What’s the best way to buy bacon? The basic way is to pork up your knowledge on where bacon came from, the best forms to use and the price. Before the birth of the freezer, people would soak the fabulous pork in a brine of salt water to preserve it. The brine delivers a defense of microorganisms avoiding the people from getting very sick if it had spoiled. Smoking is another way to reserve the bacon. It prolonged the life just as much as brining. Once the brining and smoking took off, we got imaginative!
Adding a spice here and there and smoking it with a specific wood was an experiment with flavors. The most commonly used spices and woods were: black pepper, jalapenos, juniper, garlic, apple wood and mesquite.
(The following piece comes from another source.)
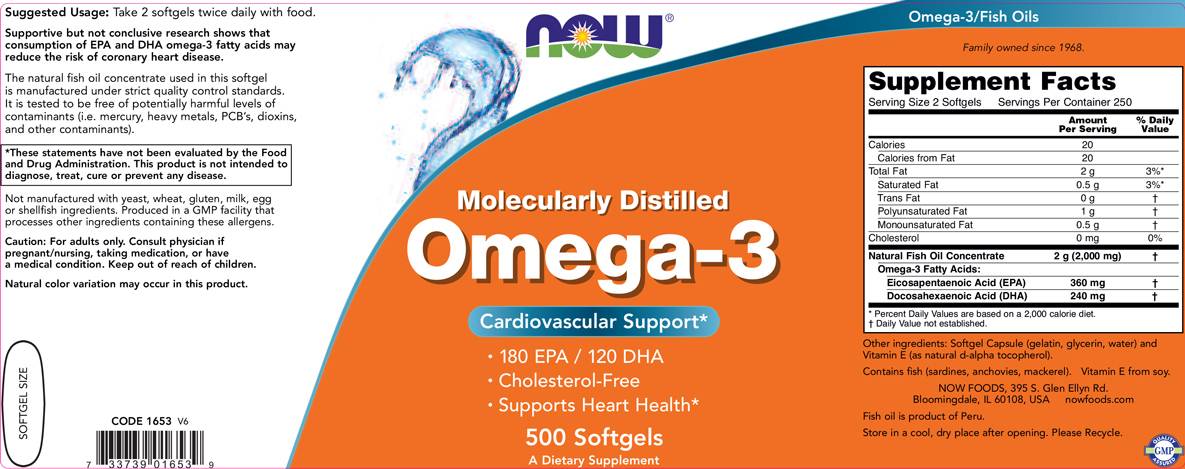 Oméga 3 1000 mg/distillé moléculaire - 500 capsules de gel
We can buy bacon already spiced and cured or for the chef in your home; they can research with their own spices and develop there own flavors as well.
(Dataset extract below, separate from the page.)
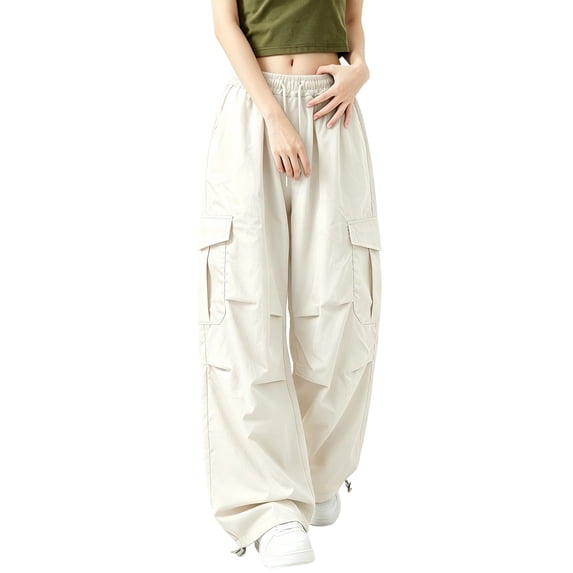 HappyYEE Cargo Pants for Women Oversized Wide Leg Dance Bottoms Loose Fits Lightweight Fashion Sports Trousers Streetwear M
In purchasing bacon at a specialty meat shop, you will have a variety to choose from; pancetta (from Italy), duck bacon (thinly sliced and full bodied taste encased with a large amount of fat and cooks very fast), Irish bacon (from the loin of the pig, not as rich in fat but can still be brined and sliced thinly for frying as traditional bacon is).
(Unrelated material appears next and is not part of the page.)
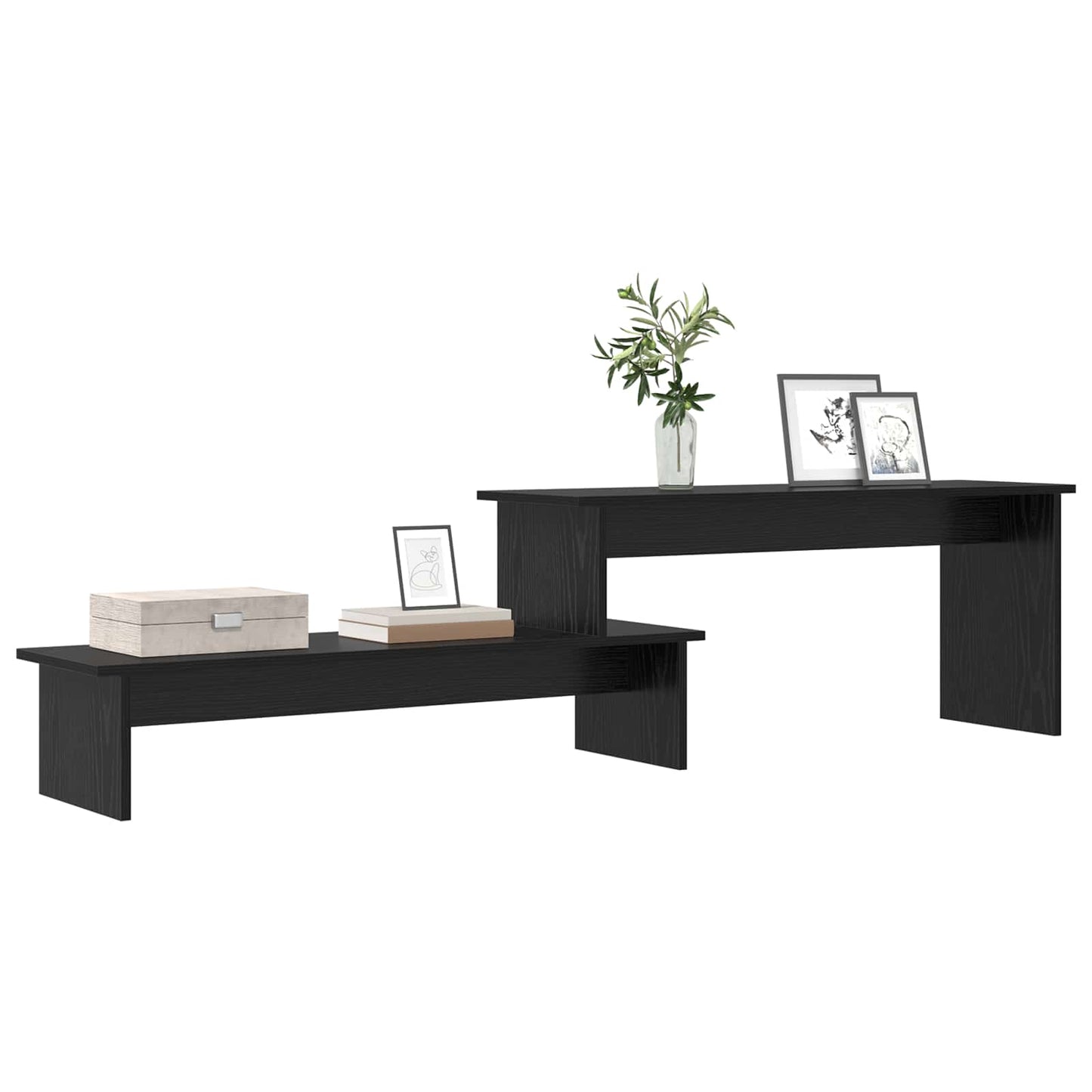 TV-møbelsæt Sort eg 180,5 x 30 x 43 cm Konstrueret træ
Many types of entrée’s or side dishes are enhanced with bacon, whether it’s crumbled on top or wrapped with bacon. Shrimp and scallops can be enfolded in bacon for classic hors d’oeuvres. You will want the bacon to be crunchy, choose the best, low in fat such as the Irish bacon. Bacon wrapped around a filet mignon is perfect because the filet is mild and very tender and the crispness enhances the flavor of the filet. If you are roasting a turkey, use bacon ends in your stuffing. Baking bacon on a broiling pan or cookie sheet with a rack will produce the same aroma and taste as if you were frying it on top of the stove. But before you use it in your stuffing make sure its cooked first. Just keep in mind when you buy bacon, the flavor and aroma will get their mouths watering for more no matter what dish you are serving.